The early automatic pilots were analogue devices operating in continuous time.
Everything is digital these days, but a modern automatic pilot is still sampling the sensors many times a second, and I’m sure that’s also true of the digital parts of the ThermoClamp. The time step is well below the characteristic timescales of the system being controlled. It has to be.
People talk about eliminating the cycles by unrolling. I believe this does not work. In causal graphs as generally understood, each of the variables is time-varying. In the unrolled version, each of the nodes represents the value of a single variable at a single point in time, so it’s a different sort of thing. Unrolling makes the number of nodes indefinitely large, so how are you going to mathematically talk about it?
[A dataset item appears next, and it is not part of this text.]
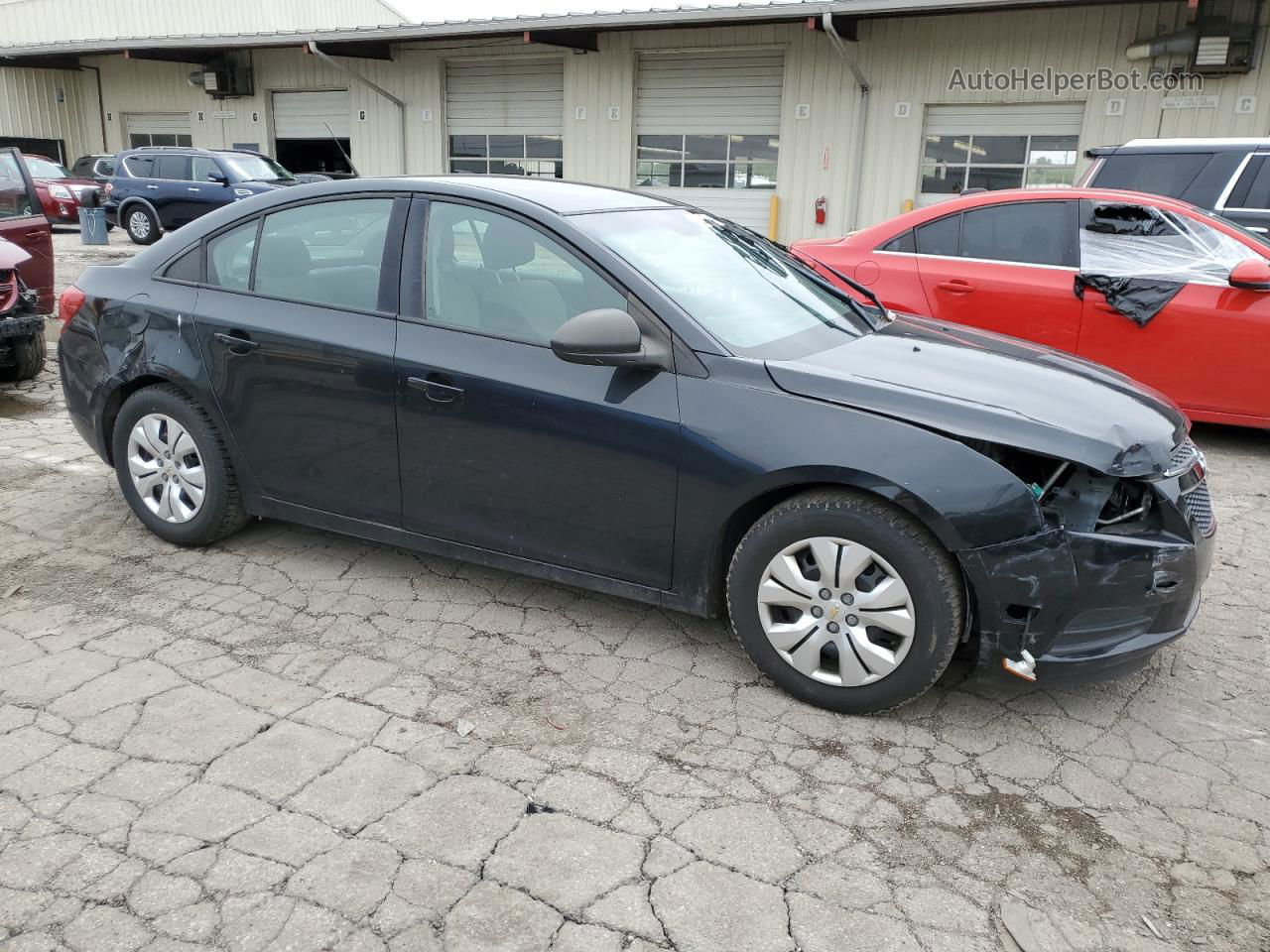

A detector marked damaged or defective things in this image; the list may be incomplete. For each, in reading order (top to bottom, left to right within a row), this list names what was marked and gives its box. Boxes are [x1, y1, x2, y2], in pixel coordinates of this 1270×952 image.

Only by taking advantage of its repetitive nature, and then you’re back to dealing with cyclic causal graphs while pretending you aren’t. “Tell me you’re using cyclic causal graphs without telling me you’re using cyclic causal graphs.”
No worries, likewise.
Most centrally I think we’re seeing fundamentally different things with the causal graph. Or more to the point, I haven’t the slightest idea how one is supposed to do any useful reasoning with time varying nodes without somehow expanding it to consider how one node’s function and/or time series effects it’s leaf nodes (or another way, specifically what temporal relation the arrow represents). It also seems fairly inescapable to me that any way you consider that relation, an actual causal cycle where A causes B causes C causes A at the same instant looks very different than one where they indirectly effect each-other at some later time, to the point of needing different tools to analyze the two cases. The latter looks very much like the sort of thing solved with recursion or update loops in programs all the time. Alternately diff eq in the continuous case. The former looks like the sort of thing you need a solver to look for a valid solution for.
It’s fairly obvious why cycles of the first kind I describe would need different treatment—the graph would place constraints on valid solutions but not tell you how to find them. I’m not seeing how the second case is cyclic in the same sense and how you couldn’t just use induction arguments to extend to infinity.
AFAICT you and I aren’t disagreeing on anything about real control systems. It’s difficult to find a non-contrived example because so many control systems either aren’t that demanding or have a human in the loop. But this theorem is about optimal control systems, optimal in the formal computer science sense, so the fact that neither of us can come up with an example that isn’t solved by a PID control loop or similar is somewhat besides the point.